Task brief:
In the records below, find the line containing "Burberry Brecon House". Output it and every line after it to the end, unchanged, with no pictures.

Captioned web image data:
------------

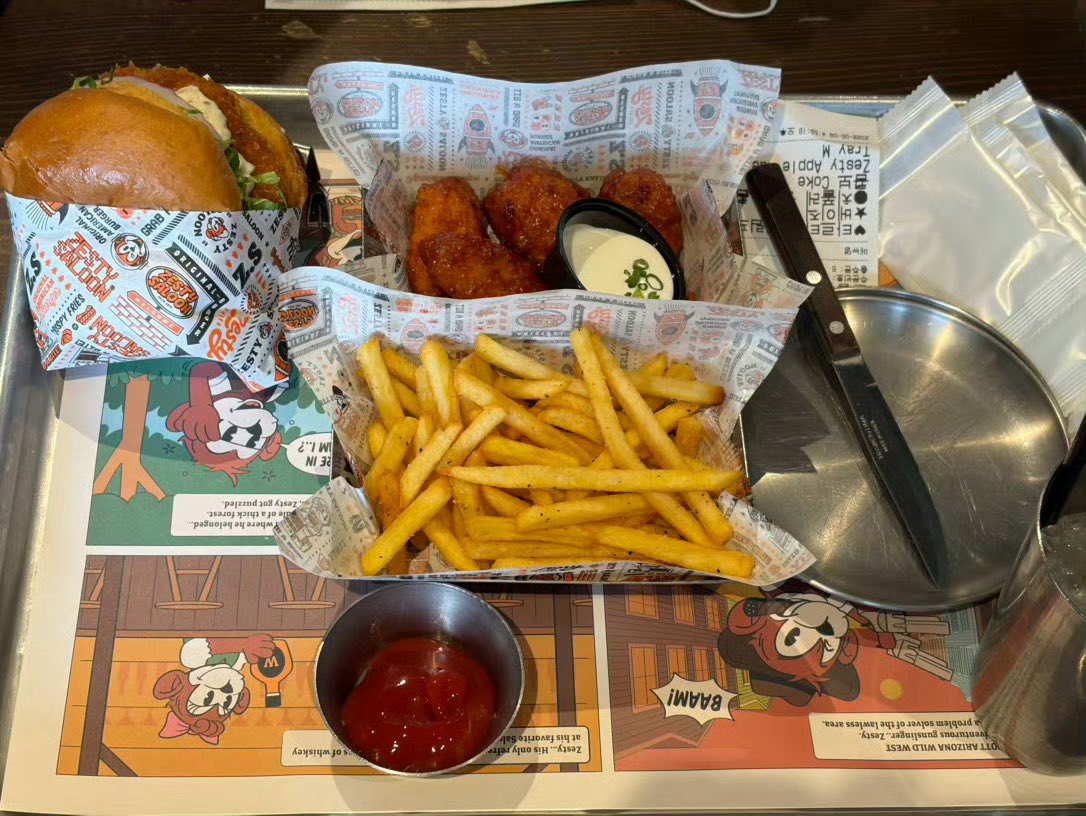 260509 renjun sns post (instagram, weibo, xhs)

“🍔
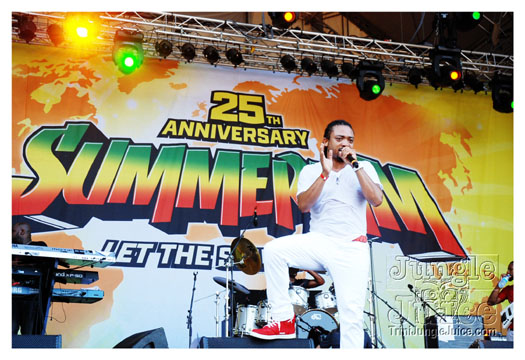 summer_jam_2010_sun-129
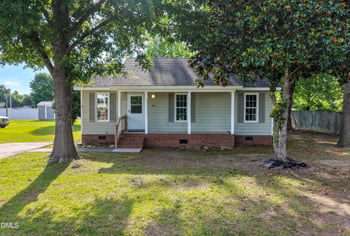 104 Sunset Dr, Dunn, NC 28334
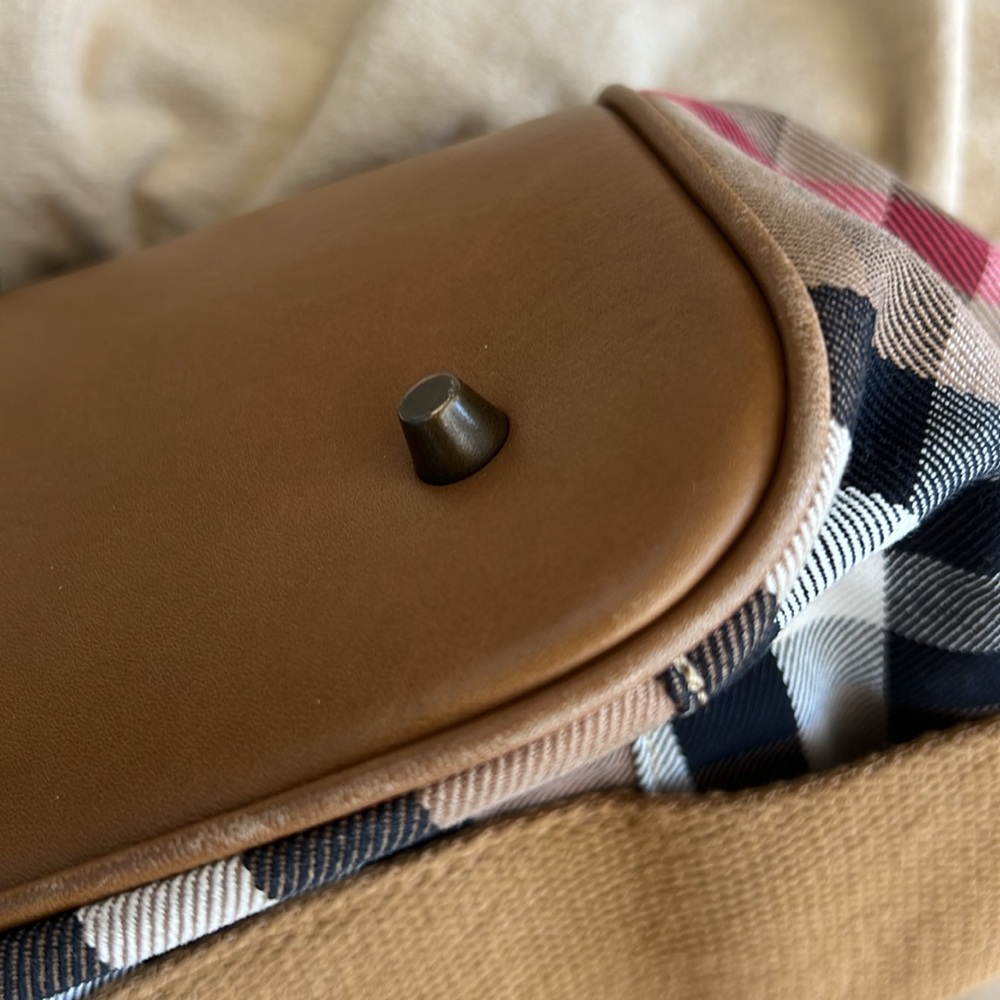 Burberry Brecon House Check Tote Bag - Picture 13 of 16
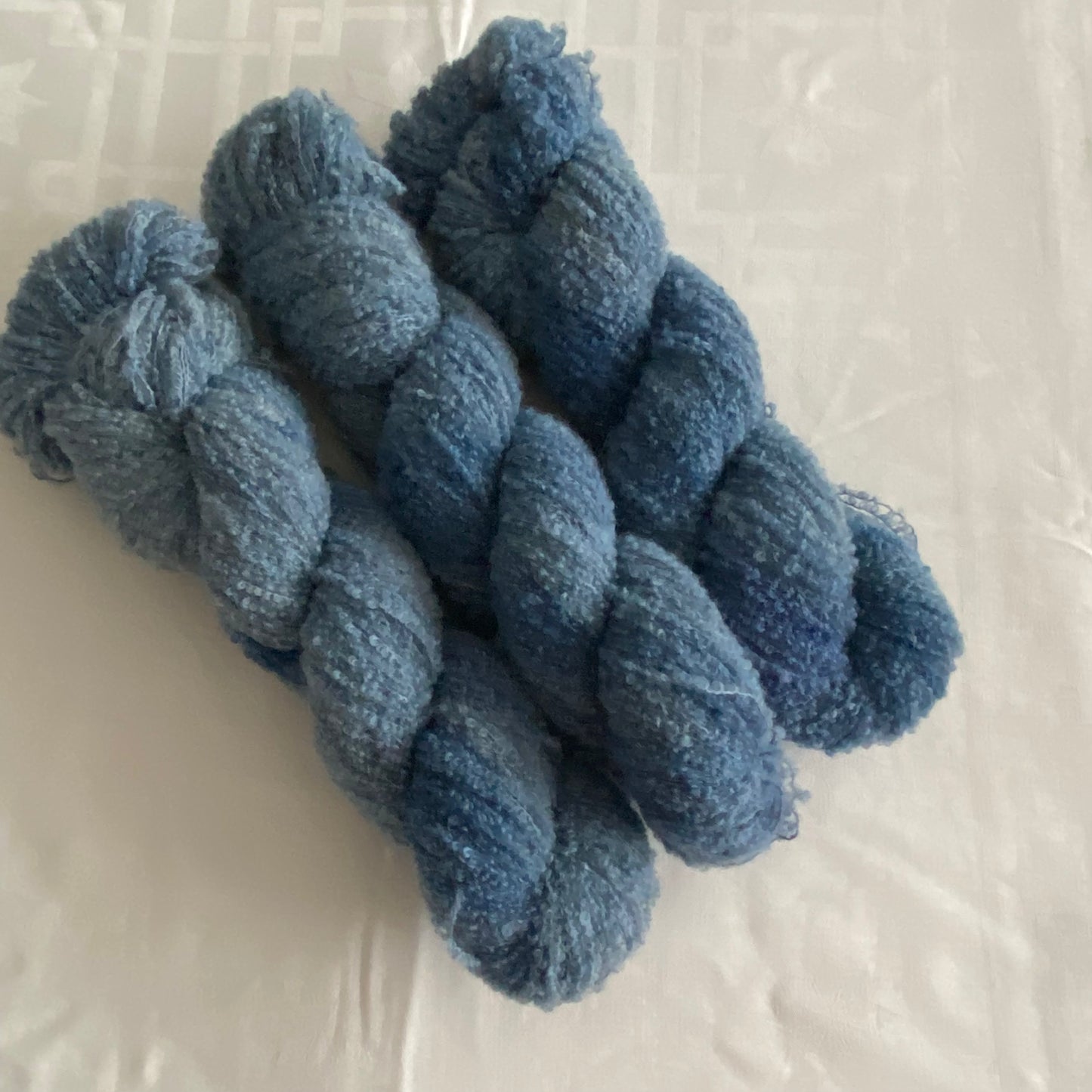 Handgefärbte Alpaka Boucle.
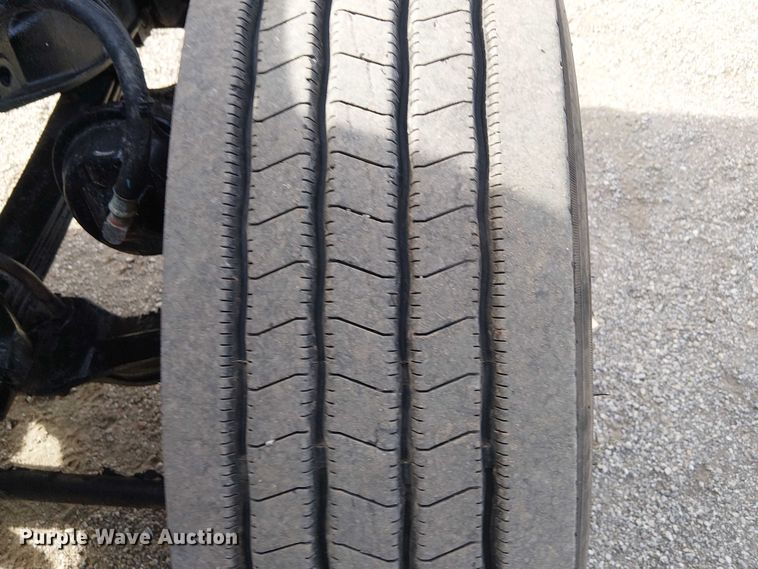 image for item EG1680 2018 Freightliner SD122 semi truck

------------

Finished task:
 Burberry Brecon House Check Tote Bag - Picture 13 of 16
 Handgefärbte Alpaka Boucle.
 image for item EG1680 2018 Freightliner SD122 semi truck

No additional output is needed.